::: Entries shown :::
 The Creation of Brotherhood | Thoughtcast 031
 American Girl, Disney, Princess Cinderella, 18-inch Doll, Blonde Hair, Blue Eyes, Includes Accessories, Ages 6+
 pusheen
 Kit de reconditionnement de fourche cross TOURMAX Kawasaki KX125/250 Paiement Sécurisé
:::
::: Entries shown :::
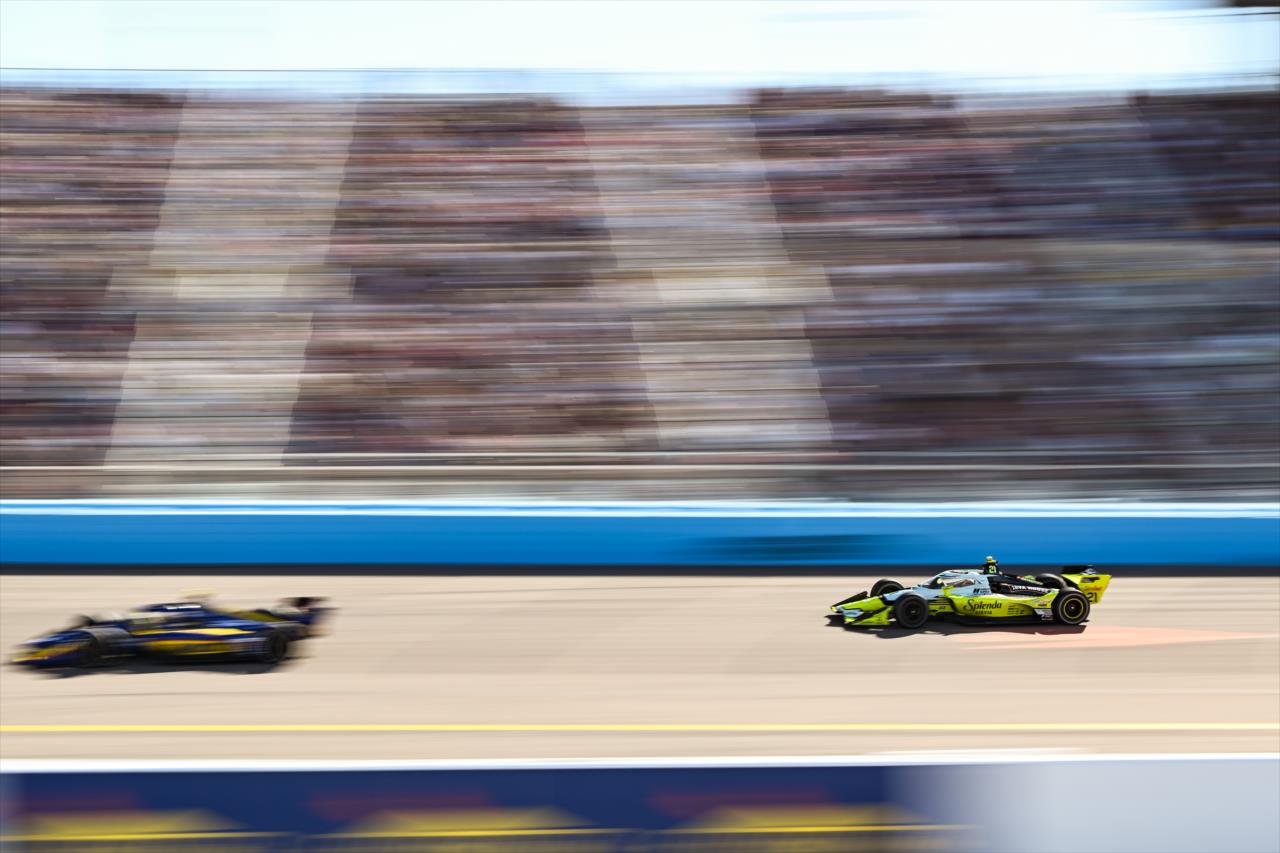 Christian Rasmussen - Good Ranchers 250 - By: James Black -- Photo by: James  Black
:::
::: Entries shown :::
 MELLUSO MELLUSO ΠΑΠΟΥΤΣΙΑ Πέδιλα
:::
◆ Goal of the exercise: Here the output must be the lines above from the line with "The Creation of" to the line with "Kit de reconditionnement", both included, duplicated word for word and nothing else.

◆ Response box:
 The Creation of Brotherhood | Thoughtcast 031
 American Girl, Disney, Princess Cinderella, 18-inch Doll, Blonde Hair, Blue Eyes, Includes Accessories, Ages 6+
 pusheen
 Kit de reconditionnement de fourche cross TOURMAX Kawasaki KX125/250 Paiement Sécurisé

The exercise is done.